When developing mobile applications, you also need to pay attention to the relationship between mobile application protection and personal data protection. Mobile application users need to be in control of their data due to the fact that electronic devices on which mobile applications are installed are increasingly personalized devices. In many cases, the use of the mobile application will constitute the provision of electronic services within the meaning of the Act of July 18, 2002 on the provision of electronic services. It is enough that the mobile application allows you to use the services.

Downloading, installing or logging in to the application requires providing personal data, usually name, surname, gender, e-mail address. The application owner must report the collection of such data. As a personal data controller, he has a number of obligations. If the processed data was leaked, it will be held liable by the Inspector General for Personal Data Protection. Polish law provides for 4 types of liability in connection with the violation of the principles of personal data protection:

  1. disciplinary liability - dismissal of an employee responsible for a breach of employee duties obliging him to comply with the regulations and guidelines established in a given company

  2. criminal liability - covers 6 basic types of crimes related to the violation of the principles of personal data protection, which are punishable by a fine or imprisonment. These are:
    a) processing of personal data without consent
    b) disclosing personal data to unauthorized persons
    c) inadequate protection against access, damage or destruction
    d) failure to notify the personal data filing system
    e) failure to fulfill the obligation to inform the data subject about his rights
    f) preventing or obstructing the performance of control activities by an inspector

  3. administrative liability - the Inspector General for Personal Data Protection may impose fines in the event of violations of the provisions on the protection of personal data

  4. civil liability - the data controller may be legally liable for infringement of personal rights

Protection of mobile applications, i.e. - how to protect yourself?
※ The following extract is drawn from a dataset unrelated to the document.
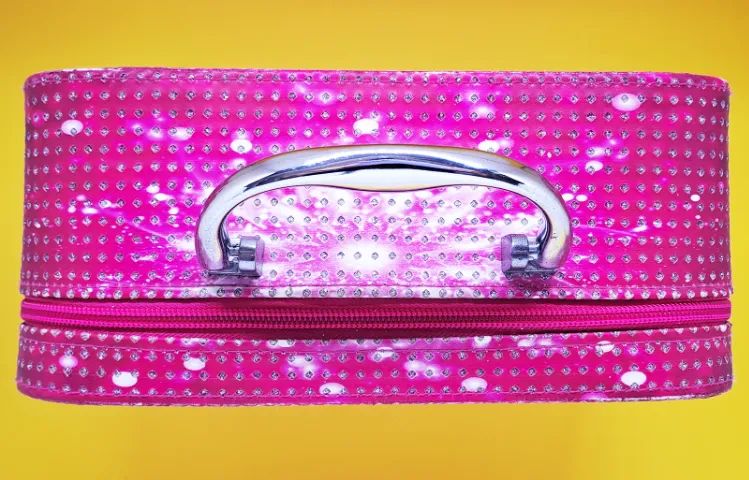 Frasqueira de Viagem Média com Alça (Rosa com Pedrinhas de Cristais) - Foto 3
The widespread use of mobile applications is no longer limited to using the default installed programs on devices. Applications are more and more advanced and have enormous possibilities. If the company orders the creation of an application for individual needs, particular attention should be paid to: security, universality (using the same application on different devices), the possibility of external control, the possibility of introducing corrections and improvements. Creating an appropriate mobile application can be very expensive, but it is necessary to optimize and facilitate management in the company, starting from operating machines, through database catalogs, ending with the possibility of viewing cameras or making payments. The possibilities of mobile applications end beyond the limits of our imagination, but the law keeps them in check. Through changing regulations, which cover more and more aspects of m-commerce, we are able to control what they are used for. We create mechanisms that check whether the creators of mobile applications do not exceed contractual limits. Between usefulness and control and dependence on technology there is a small space of freedom, which is guarded by law.

The widespread use of mobile applications in enterprises also means an increase in the number of mobile devices, and therefore a number of challenges related to their management. Organizations should make sure that the selected technical solutions meet at least some of the most fundamental assumptions. In terms of security, the mobile device should meet the requirements for business laptops, including control over installed software, updating the patch system, encryption of access and remote data deletion, which is useful in the event of theft or loss.